High Street Rental Auctions will shine a light on the wider problem of who owns Britain’s retail property

High Street Rental Auctions come into effect next month, giving councils in England the power to auction off leases on long-term empty shops,

It’s interesting to read that the Labour government is taking forward the plans for High Street Rental Auctions (HSRAs) – originally introduced by the Conservative government – and that they will come into effect next month, on 2 December.

Government minister Alex Norris MP wrote to English council leaders on Monday, and further details about the new legal powers were published on the gov.uk website yesterday.

As the news release explains:

“High Street Rental Auctions (HSRAs) will allow local leaders to tackle persistently vacant properties in city, town and village centres by putting the leases up for auction. This will boost the high street through a ‘right to rent’ commercial lots for businesses and community groups…

“The move will stop disengaged landlords from sitting on empty properties for more than 365 days in a 24-month period, before councils can step in and auction a one-to-five year lease.”

It sounds like an event in Wolverhampton on 21 November will share more details, and reveal who the “early adopter” local authorities are. I previously encouraged Durham County Council to get involved, though I do not know whether that authority is among those initially selected to take HSRAs forward.

Not just intransigence

Those of us who work on the ground in town centres all the time know that there can be a multitude of reasons why empty shops remain vacant for a long time, not just because landlords are being intransigent or unrealistic.

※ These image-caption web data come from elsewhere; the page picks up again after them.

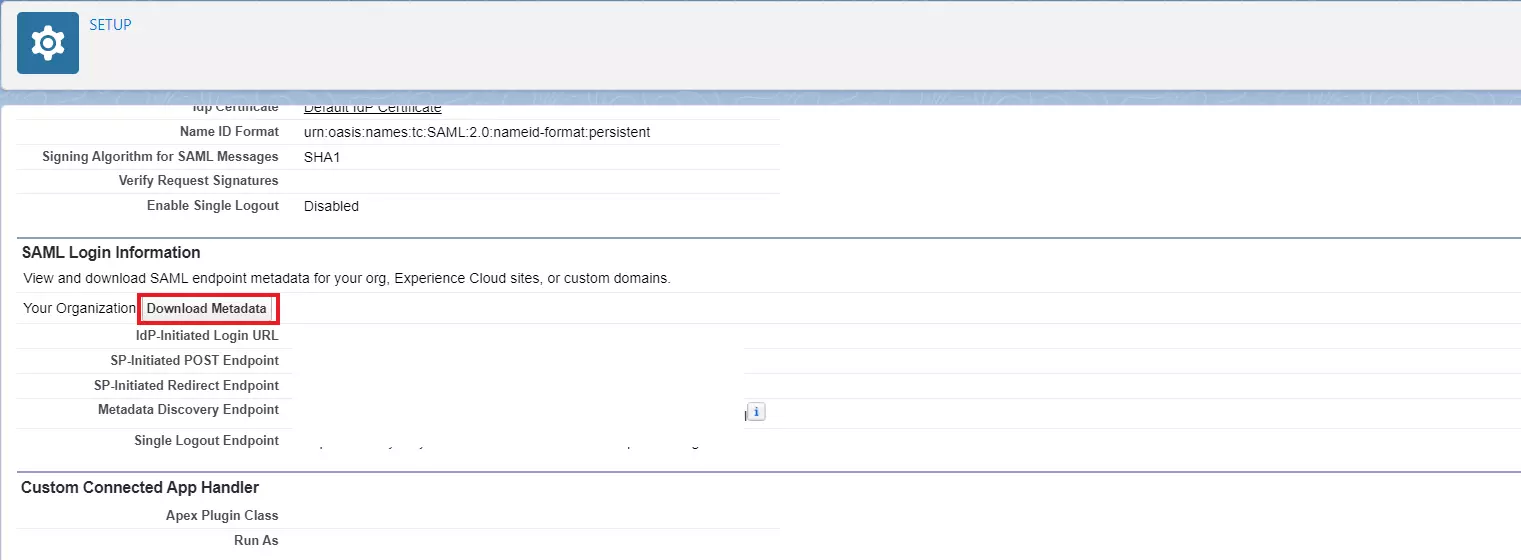 Salesforce as IdP : Salesforce saml Download Identity Providers metadata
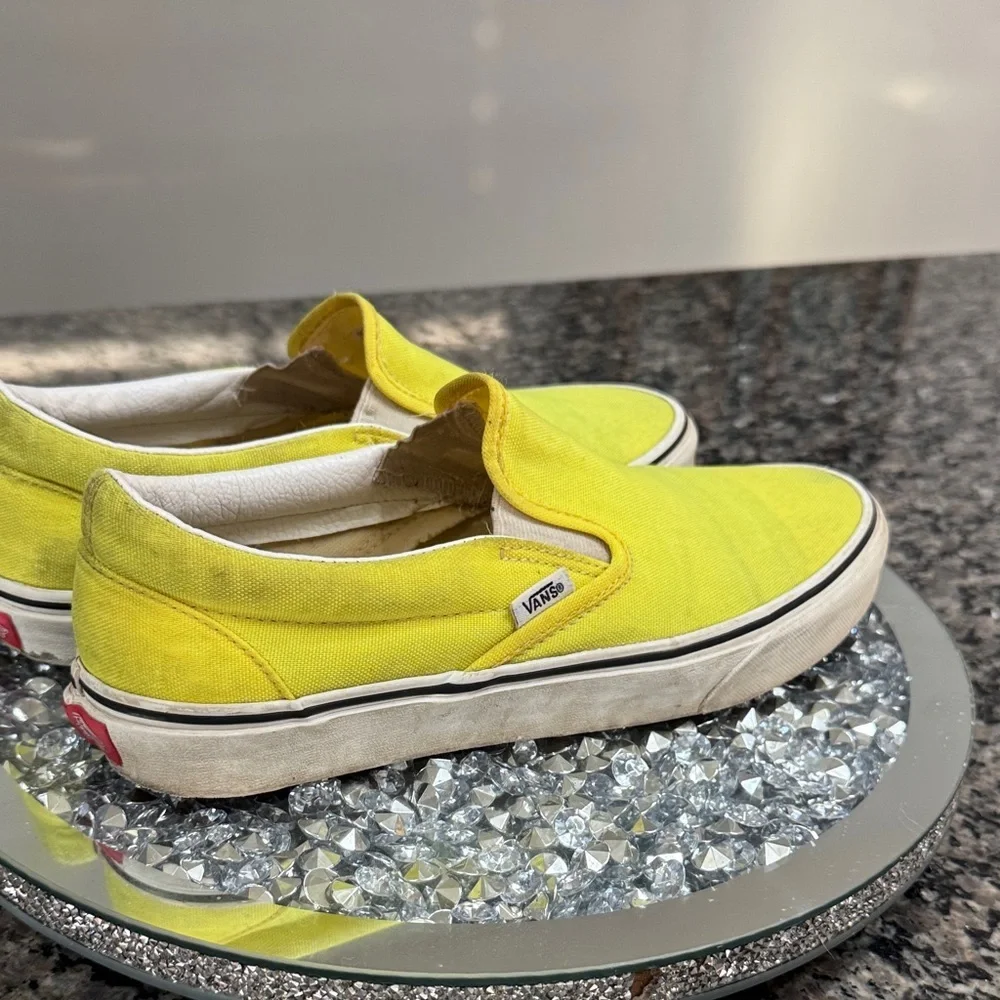 Vans Vibrant Yellow Canvas Slip-Ons M9 W10.5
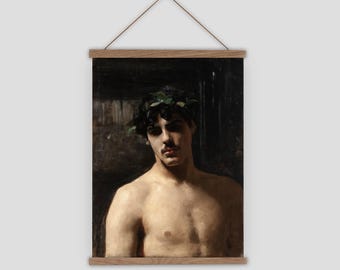Vintage Male Portrait Painting, Gay Art, Queer Wall Art, Gay Art Print, John Singer Sargent, Man with Laurels, LGBT Pride, vintage gay art,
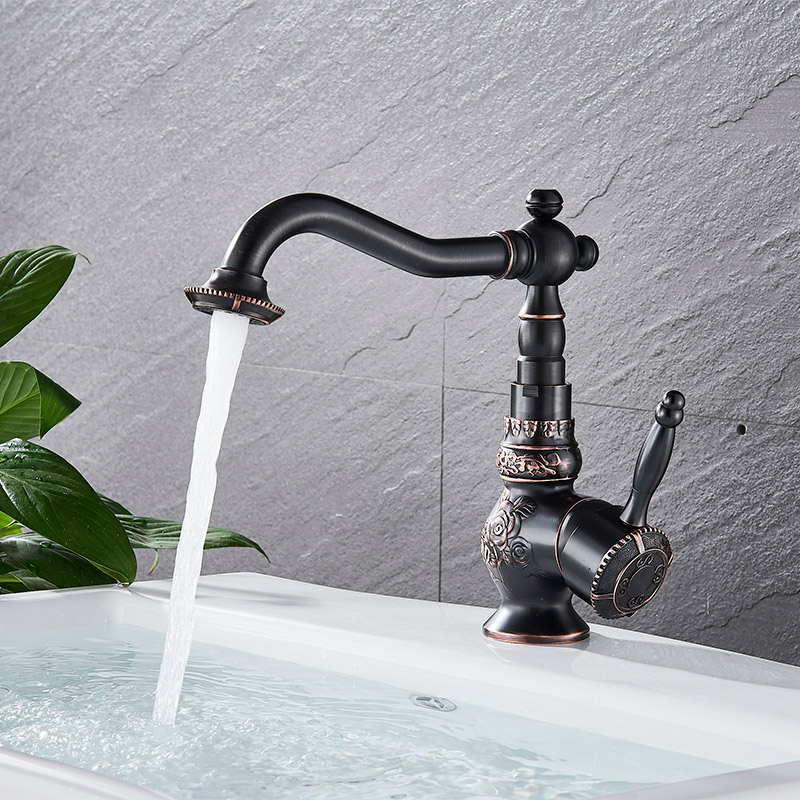 Antique Bronze Kitchen Faucet, Uythner Single Handle Retro Brass Basin Tap with Hot/Cold Water Mixing (Deck Mounted)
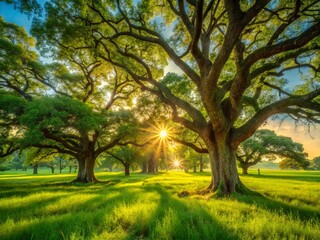 Fototapeta premium Golden Sunlight Bathes Summer Oak Savanna, Lush Green Grassland, Ancient Trees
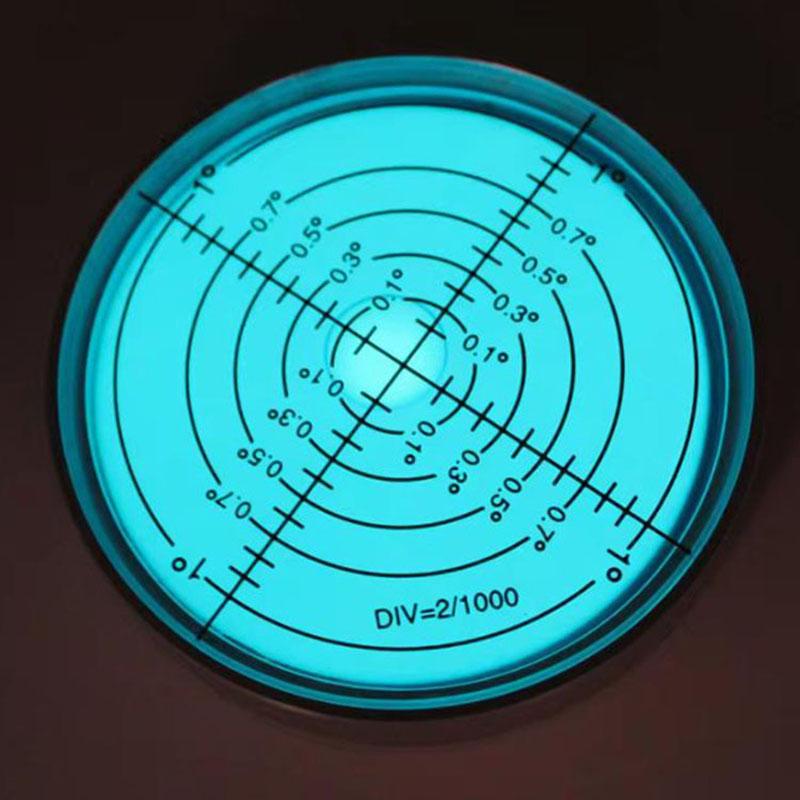 Ночное видение Светящийся круглый пузырьковый уровень Металлический пузырьковый уровень точность 6'/2 мм Размер 60x10 мм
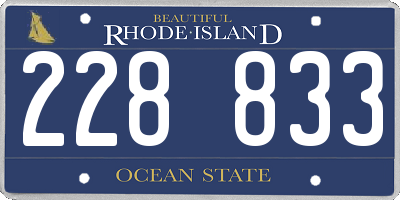 RI license plate 228833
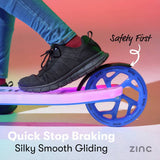 Zinc Big Wheel kick scooter with light-up deck, imported from the UK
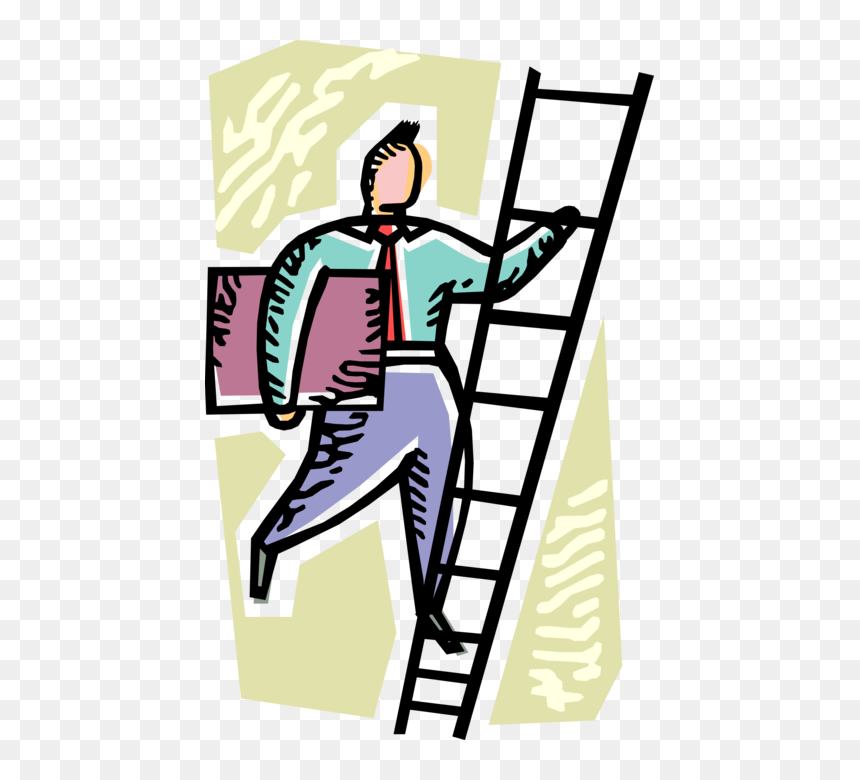 Vector Illustration Of Businessman Climbs Corporate - Vector Graphics, HD Png Download - climbing ladder png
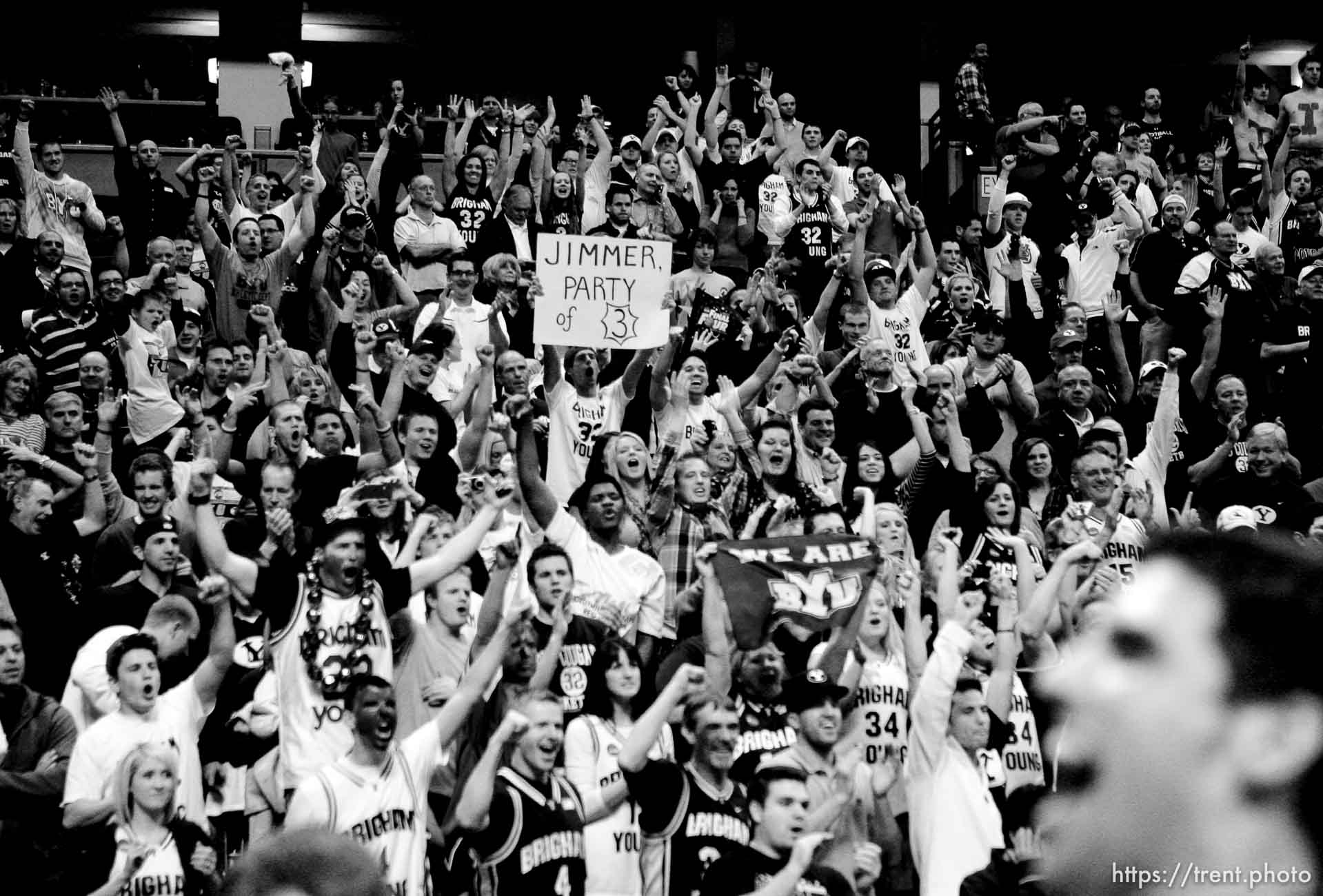 BYU fans celebrate as BYU defeats Gonzaga in the NCAA Tournament, men's college basketball at the Pepsi Center in Denver, Colorado, Saturday, March 19, 2011, earning a trip to the Sweet 16.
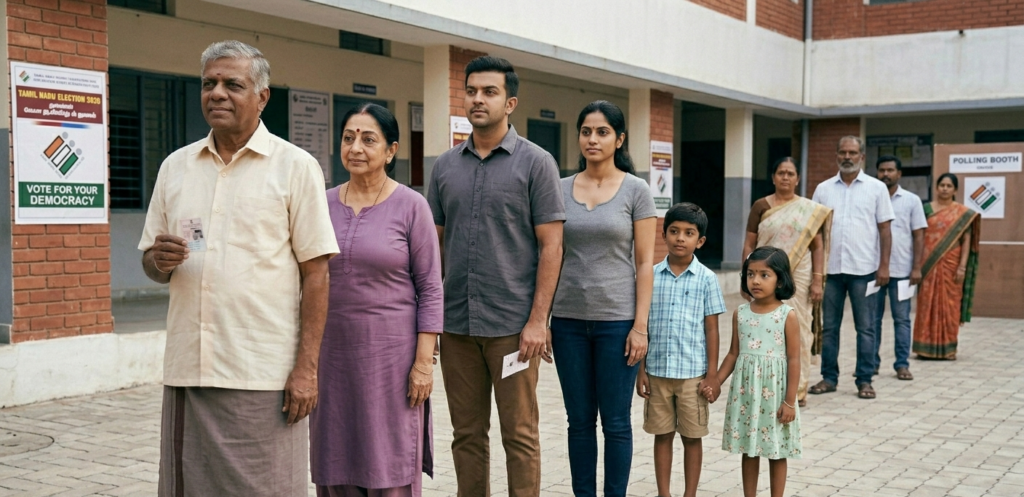A multi-generational South Indian family and other voters stand in an orderly line outside a brick polling station building, illustrating a key part of participating in the Tamil Nadu Election 2026. A prominent poster on the left reads "TAMIL NADU ELECTION 2026" and "VOTE FOR YOUR DEMOCRACY." The man at the front holds up a voter ID card. A sign in the background reads "POLLING BOOTH."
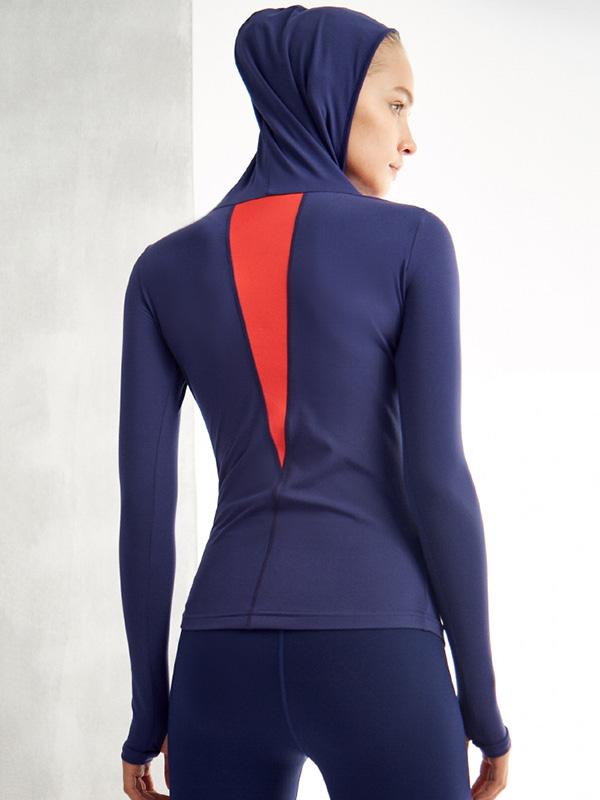 Wrap Breathable Contrast Color Hooded Sports Sweatshirts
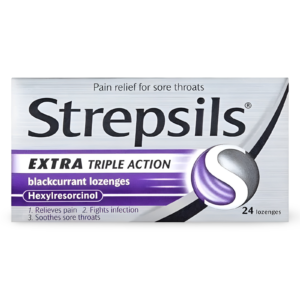 Strepsils Extra Triple Act Loz Bcurrant Pack of 24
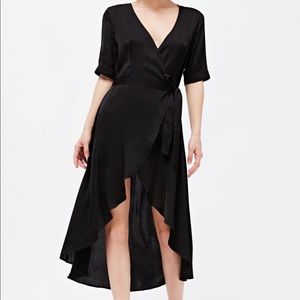 A classic satin wrap dress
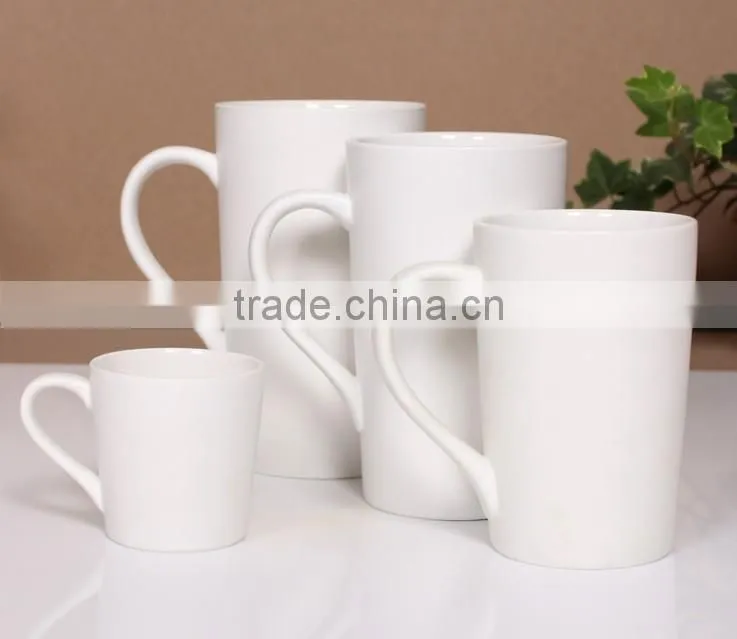 12oz porcelain white mug and decal-painted ceramic drinkware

For example, a property may be vacant pending redevelopment, or perhaps the costs of bringing it up to a usable standard are simply unrealistic without some external financial support.

Engagement

In the context of all this complexity, it is sensible that the government news release makes the point that:

“Before putting a property to a rental auction, a local authority must first seek to resolve the vacancy by engaging with the landlord.”

That said, I know many local authorities are regularly trying to initiate these conversations already. I suspect the properties that councils will be targeting for HSRAs are likely to be those where absolutely no landlord engagement has been forthcoming to date, or, in extreme cases, where the ownership of a commercial property is not even clear.

Too often, people complaining about vacant units in their town will complain “Why can’t the council do something / reduce the rents / house the homeless?”, without understanding that the properties in question are rarely council owned.

HSRAs may be both a blessing and a curse in that in the future it will be harder for councils to argue that they are powerless to act on long-term vacancy.

Valuable tool

If the HSRA scheme is properly funded by government, it may well be a valuable tool for helping England’s councils secure action on those empty shops that are vacant for no good reason.

Perhaps too it will shine a light on the current broken model of commercial property ownership, and encourage a landscape where the norm is for local shops to be owned by local people invested in those communities, rather than by absentee landlords who may never have seen the properties that belong to them.

As Retail Cupid, I hope I can continue to play a useful role in matching up empty shops with the occupants that want to make productive use of those spaces!